Словосочетание «Вечная Женственность» в «Чтениях…» не встре­тить. В них фигурируют София и мировая душа. В прямую о Вечной Женственности Соловьев заговорил только в поздний период своего творчества. Однако встретим ли мы у него душу мира, Софию, Пре­мудрость Божию или Вечную Женственность — все это именование в главном одного и того же — женского начала, пребывающего в пред- мирной причастности Богу.

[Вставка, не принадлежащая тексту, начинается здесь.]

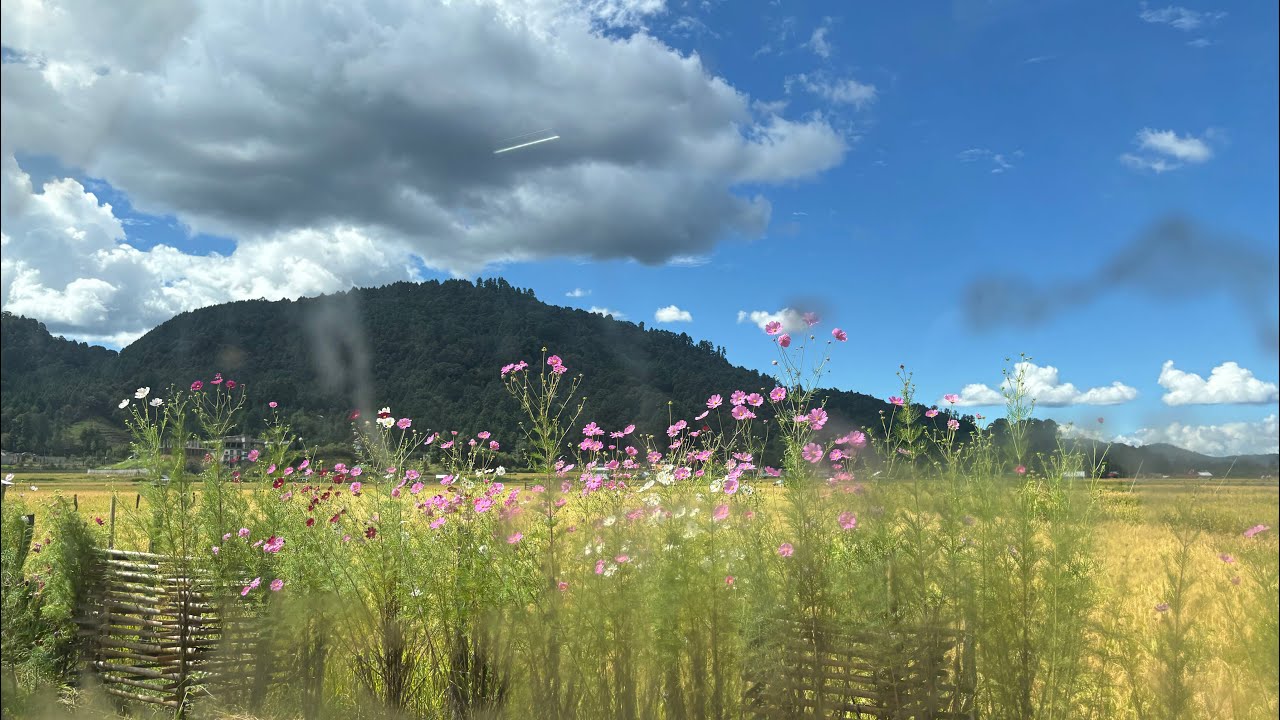 Ziro music festival 2025 / Day:1 ⋆｡‧˚ʚ🍓ɞ˚‧｡⋆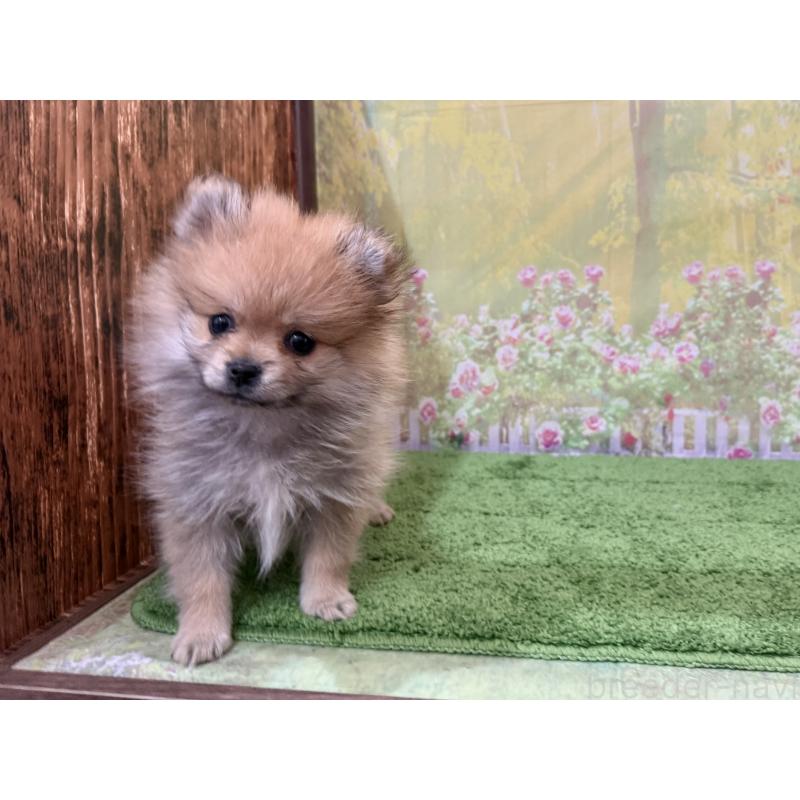 販売中の埼玉県のポメラニアン-437538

Учением о Софии и душе мира Соловьев завершает свои размыш­ления о внутрибожественной жизни. То о чем в «Смысле любви» он не проронил ни слов в «Чтениях» развернуто хотя и кратко, но в ос­новных своих моментах. В общем-то построение Соловьева, касаю­щееся Бога в его единосущности и триипостасности достаточно тра- диционны. Вот одна из наиболее кратких и внятных соловьевских формулировок.

«… Признавая вообще божественное начало как сущее с безуслов­ном содержанием, необходимо признать в нем трех единосущих и не­раздельных субъектов, из них каждый по-своему относится к той же безусловной сущности, по- своему обладает одним и тем же безуслов­ным содержанием. Первый есть безусловное Первоначало, дух как са­мосущий, т.е. непосредственно существующий как абсолютная суб­станция, второй есть вечное и адекватное проявление или выражение, существенное Слово первого, и третий есть Дух, возвращающийся к себе и тем замыкающий круг божественного бытия…» (4,97)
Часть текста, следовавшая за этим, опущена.